Now, when the year ends, it struck me that in this new year I’ll have my 30th anniversary for the first reporting system I made for a client. And at the same time, I have just passed the 10th anniversary for completing the course “The Data Scientist’s Toolbox” at Coursera.
“They always say time changes things, but you actually have to change them yourself” – Andy Warhol.
I guess this is true. Of course, things do change without your participation, but what matters is how you change with them.
These two events are both significant, but in different ways. Of course, there has been many other data and reporting related events both before, in between, and after these two, but right now, these stand out.
The oldest event marked the very first time I actually completed a full system to be used by ordinary users, not IT people. They were skilled in statistics and knew their data, but needed to learn about such things like the PC, Windows, and Microsoft Access – which I all taught them on a course, together with how to use the reporting system itself.
The back-end work was done by a colleague of mine, who made an automated script that extracted all the needed data from the Digital ISAM database, used by our Laboratory Information Management System. Through the primitive networks we had then, and using ODBC, I connected Access to the extracted data, and built a bunch of useful reports with aggregations and other treatments. That provided the laboratory technicians with valuable information for planning the work, as well as the information they would send back to the doctors who had ordered it.
It was valuable for them for their current needs at the time – but for me, it marked a beginning of thinking data reporting across several stages and different systems, combining the values of each into what the users experienced as a simple front-end product.


The most significant I learned from the Coursera course was the statistics language R, but the very concept of big data and an understanding of where data science had moved to, were also major gains from it.
I knew about big data before, as a concept, but I had not worked with it. And I may have heard about it before, but I didn’t really know what data science actually was – that type of study had not existed when I got my first education, and I had never worked with any people educated as Data Scientists.

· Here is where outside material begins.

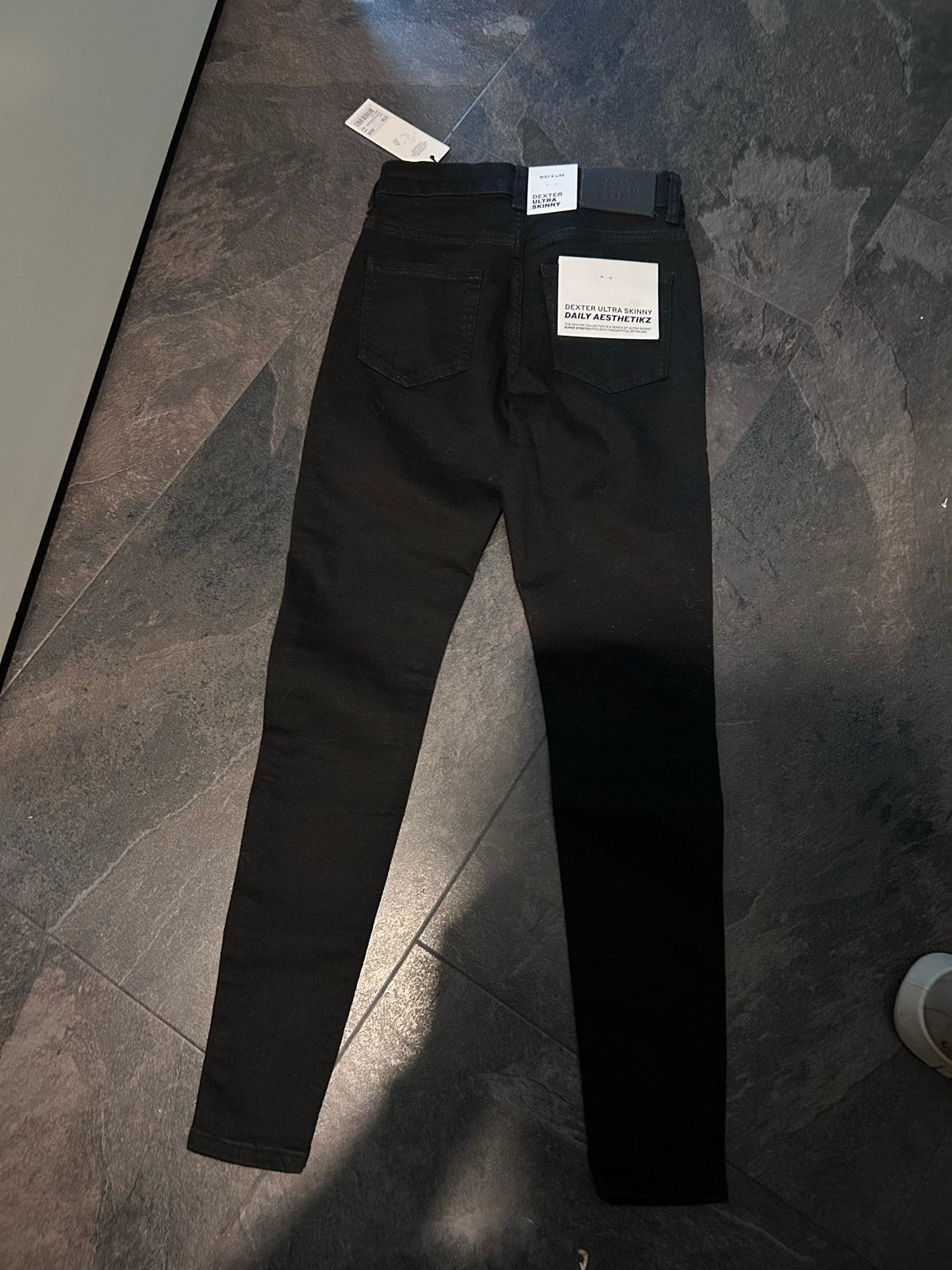 Nieuwe Daily Aesthetikz Dexter Ultra Skinny Jeans Zwart, Ophalen of Verzenden, Nieuw, Zwart, W27 (confectie 34) of kleiner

Big data, 10 years ago, would fit into the 64 gigabytes of memory that R could handle. Of course, everybody knew that this was in the low end, but it was valid to talk about it as big data.
And Fast Forward to 2026
The changes around the use and reporting of data, and the analysis of it, keep going on, and there are some serious improvements made almost every year. But they do not look that significant when thinking back. 30 years ago, a bunch of people in a laboratory were happy to get some reports, and I could imagine how a similar bunch of people would be just as happy to get some similar reports today, if these reports contained what they needed.
And you can still do a lot of analysis on 64 gigabytes of data. Even though there are much bigger databases available, not all analyses need to use all the data, so that 10-year-old course is actually still useful and valid.
We tend to talk about time vs IT, and time vs data, as if the world is a new one every few years, requiring new technologies, new software, and new buzzwords. But in reality, life is mostly the same – jobs are mostly similar – and, hence, the needs are close to identical to what they have been through the times.
So, my advice to all readers: don’t be too focused on all the new tech. At least not because you believe that it is necessary, because it probably isn’t. It might be interesting to study and work with, and it is easy to get bitten by the idea of being at a cutting-edge level all the time, always using the newest. But the users don’t care much about that – they just want the data and insights they need.
May 2026 bring you prosperity, happiness and joy!